The inability/unwillingness of the eagles flying them directly to Laketown always bugged me a bit from the book - seemed a bit contrived, just to set up the captivity by the Wood Elves.

While the barrels were in the book, the treatment in the movie is pure embarrassing cartoon indulgence. Final tally:

Dead Orcs: 324
Wounded Elves/Dwarves/Hobbits: 0
Capsized/stuck barrels while going down a tiny creek: 0

Bleah.
 
Re: Who has seen the Hobbit?

The dwarves going down the river in barrels is actually in the book. Like Scooby said, most of the story is hobbits and dwarves walking from place to place. It would have been much easier if the eagles had flown them, but that wouldn't be much of a story.

Uh, the dwarves in the barrels in the book were in the barrels, as in with the covers on them. Not like in the movie where the barrels were open and there was a battle going on above them. And I haven't read the book in several years but I don't remember a battle between orcs and elves while the dwarves were escaping from the elves.
 
Re: Who has seen the Hobbit?

The inability/unwillingness of the eagles flying them directly to Laketown always bugged me a bit from the book - seemed a bit contrived, just to set up the captivity by the Wood Elves.
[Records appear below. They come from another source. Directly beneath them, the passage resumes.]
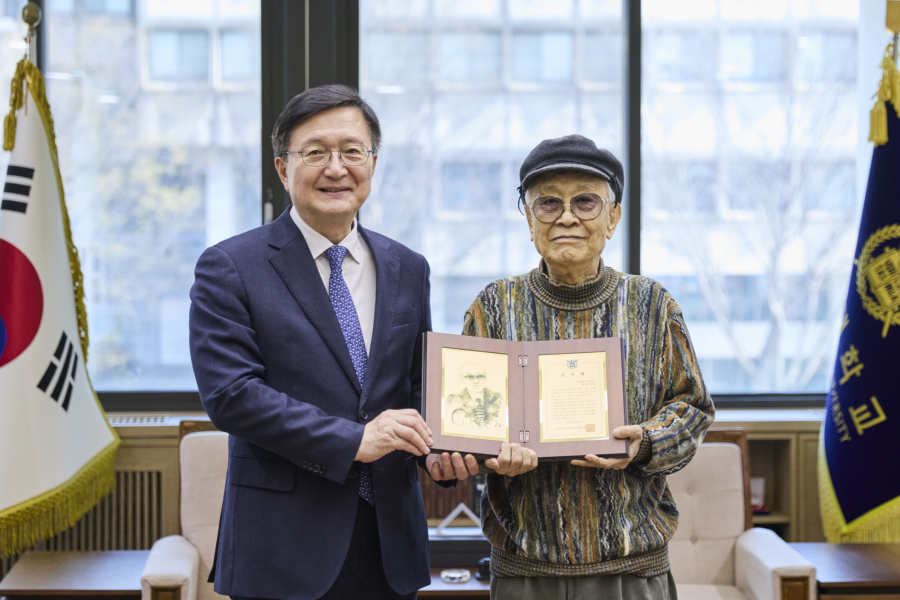 유홍림 총장과 한상훈 동문이 감사패 전달식 기념 촬영을 하고 있다.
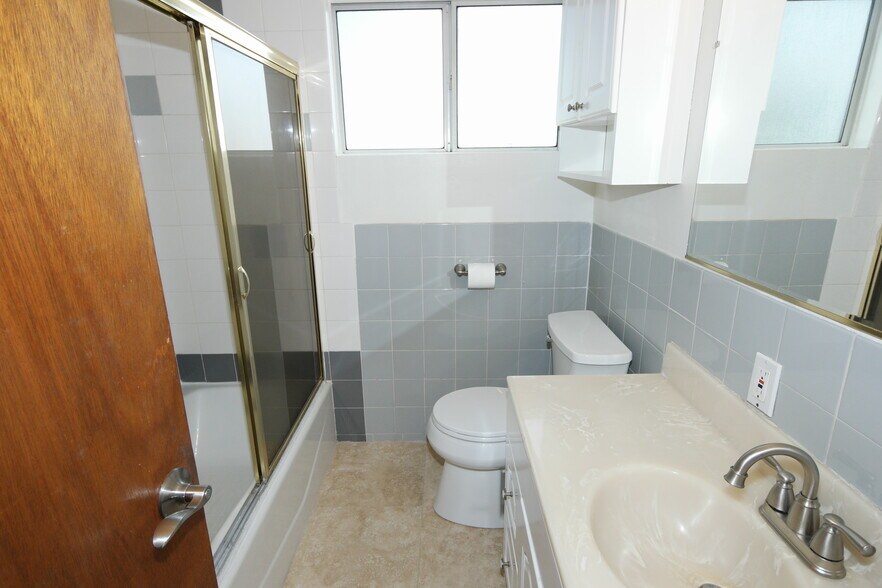 Building Photo - 611 Calle Pensamiento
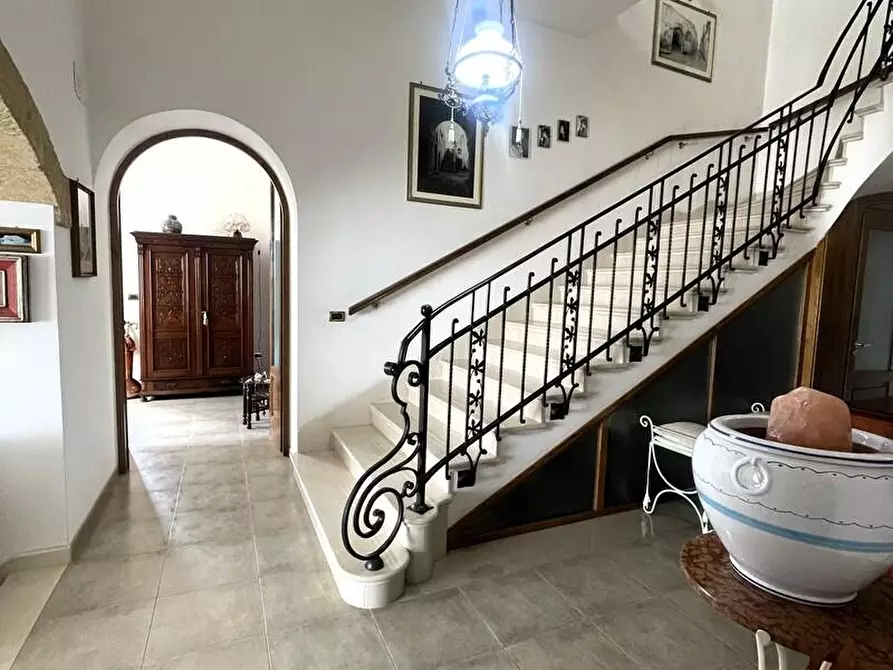 Immagine 9 di Villa in vendita  a Alessano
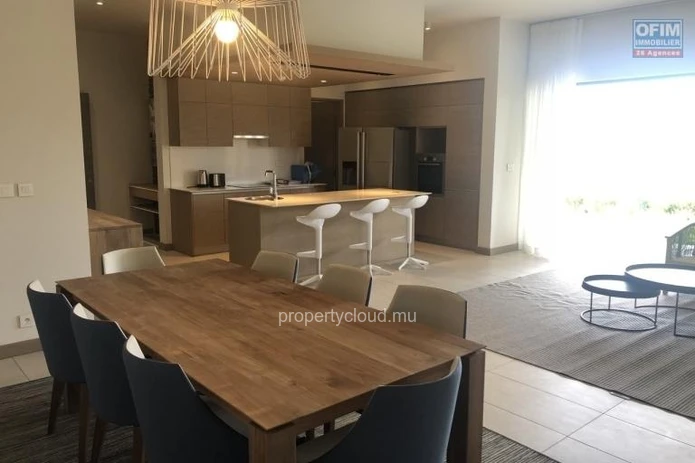 Accessible aux étrangers: A vendre un très bel appartement dans le golf de Mont Choisy en statut IRS en accession à l...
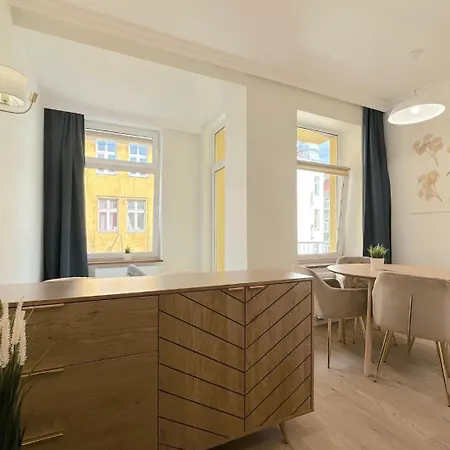 Seredino Blue Apartment- Modern Comfort In A Quiet Location, 5 Minutes To Old Town & Seaside Gdansk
http://www.youtube.com/watch?v=1yqVD0swvWU&list=TLgbVQFs6evWQ0XD0XLJIk0EMkj3U8YLPz

Uh, the dwarves in the barrels in the book were in the barrels, as in with the covers on them. Not like in the movie where the barrels were open and there was a battle going on above them. And I haven't read the book in several years but I don't remember a battle between orcs and elves while the dwarves were escaping from the elves.

I haven't seen the second film. The lids were on each barrel, so it would be impossible to know what was going on above them :p However, this film series does take liberties that aren't in the books or appendices. The big one that bugged me is that the orcs in the first movie (and presumably in this one) walk in broad daylight. This is completely counter to Tolkien-lore. In the first movie of the LOTR saga, they make a point of saying that Saruman's orcs are special because they walk in the light. However, I am willing to overlook a few things in the interpretation of books to film.